Start of Block

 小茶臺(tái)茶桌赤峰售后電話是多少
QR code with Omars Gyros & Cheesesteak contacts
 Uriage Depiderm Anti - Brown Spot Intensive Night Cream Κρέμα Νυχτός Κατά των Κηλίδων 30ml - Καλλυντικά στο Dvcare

End of Block
Start of Block

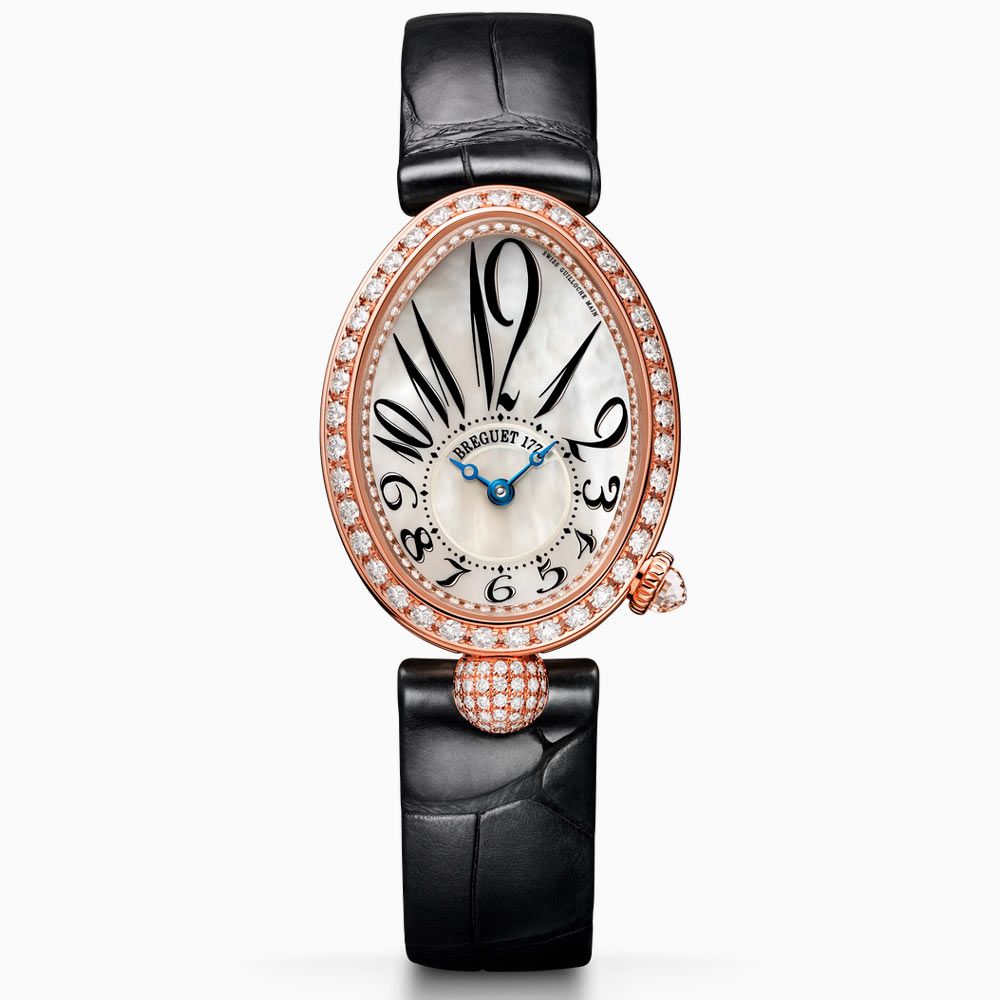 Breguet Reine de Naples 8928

End of Block
Start of Block

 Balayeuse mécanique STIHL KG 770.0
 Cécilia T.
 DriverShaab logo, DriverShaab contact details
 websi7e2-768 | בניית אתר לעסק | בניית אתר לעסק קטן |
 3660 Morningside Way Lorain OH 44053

End of Block

# Task description
From the records above, give again exactly the lines running from the line with "小茶臺(tái)茶桌赤峰售后電話是多少" to the line with "Uriage Depiderm Anti", inclusive.

# Answer area
 小茶臺(tái)茶桌赤峰售后電話是多少
QR code with Omars Gyros & Cheesesteak contacts
 Uriage Depiderm Anti - Brown Spot Intensive Night Cream Κρέμα Νυχτός Κατά των Κηλίδων 30ml - Καλλυντικά στο Dvcare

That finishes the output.